I Vipers si presentano al proprio pubblico nell’ormai tradizionale Memorial Trapanese vincendo quattro a zero contro il Salisburgo. La quinta edizione del match che segna la presentazione del team rossoblu sul ghiaccio di casa, mai come quest’anno è servito ai tifosi Milanesi per prendere confidenza con i numerosi cambiamenti apportati alla pista, balaustre e barriere in vetro nuove di zecca, e per far conoscenza dei nuovi giocatori in una squadra che sembra aver voluto chiudere un ciclo rifondando profondamente il roster. L’ingresso gratuito e la curiosità ha richiamato sugli spalti duemila spettatori che hanno visto un Milano che ha giocato su ritmi non trascendentali cercando di affinare quei meccanismi che una squadra così rinnovata può trovare solo giocando. Complice anche la fatica del doppio impegno dello scorso fine settimana i rossoblu hanno cominciato senza forzare, ma mettendo in luce una velocità di gioco di base superiore a quella degli anni passati.

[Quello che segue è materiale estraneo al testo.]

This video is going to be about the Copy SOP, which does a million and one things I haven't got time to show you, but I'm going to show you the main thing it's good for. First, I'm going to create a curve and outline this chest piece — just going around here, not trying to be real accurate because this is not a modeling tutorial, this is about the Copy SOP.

E’ al settimo che i Vipers, sfruttando una penalità cominciano ad impegnare il goalie austriaco, ma per il vantaggio bisogna attendere i momenti finali del periodo quando Peca, imbeccato da Tzaczuk, colpisce la traversa da distanza ravvicinata e poi riprende il disco e fa 1-0.

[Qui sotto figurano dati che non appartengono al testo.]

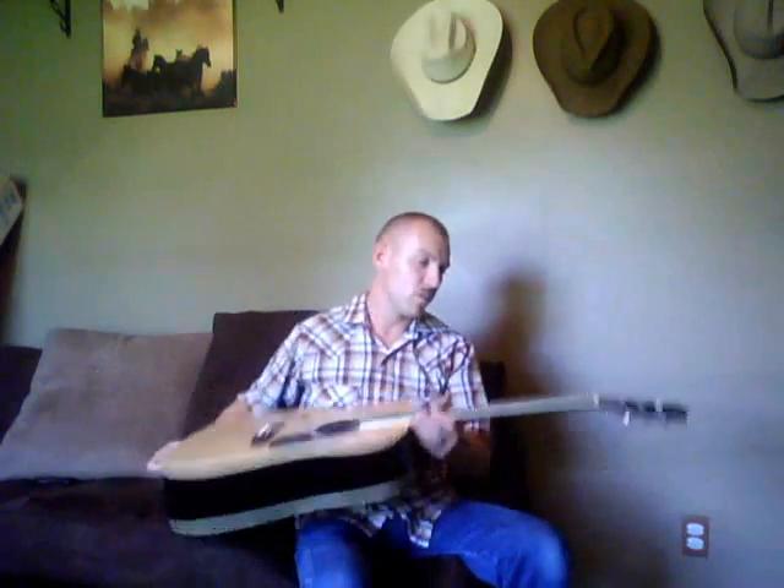You like it, you like it; you don't, you don't. It's not too bad of a guitar in its place. Thank you.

Nel secondo periodo esce dal guscio il Salisburgo che permette ad Eriksson di mettere in mostra le proprie doti dopo le incertezze di domenica nella gara contro il Fassa. Lo Svedese si rivela particolarmente abile in occasione di un uno contro zero riuscendo a calamitare il disco sul gambale e sventando.
Continuando sul filone svedese al 25.02 è la volta dell’ex cortinese Rickmo che nello slot infila la prima rete in maglia Vipers all’Agorà. Il Milano pattina bene e la pressione cresce pur non riuscendo a portare altre marcature.

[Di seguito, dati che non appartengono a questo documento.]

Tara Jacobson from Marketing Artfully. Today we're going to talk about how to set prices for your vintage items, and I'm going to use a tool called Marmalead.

Nel periodo finale compare sul ghiaccio una fastidiosa nebbia da condensa che riporta indietro con la memoria, ma che a tratti copre quasi completamente la visuale.
Al 44.05 Tzaczuk trova ancora il passaggio vincente per Felicetti che centrale nello slot ribadisce che la propria vena realizzativa è ancora in ottima salute. La partita cala di tono, sul ghiaccio si vedono più spesso il giovane Re, parso molto cresciuto rispetto alla scorsa stagione, e l’oriundo in prova Sestito. Si vede Laskiewicz che gioca un bel disco nello slot austriaco mancando la conclusione. Al 55.31 Helfer trova la botta giusta da fuori, il gol viene assegnato al difensore numero sei, ma sembra evidente la deviazione al volo del Polacco Laskiewicz.
La gara termina con Busillo che solleva il trofeo.
Per oggi è atteso l’arrivo a Milano di Adams, mentre per l’hockey giocato l’appuntamento è per venerdi prossimo con l’atto d’inaugurazione della stagione 2004/2005: la Supercoppa.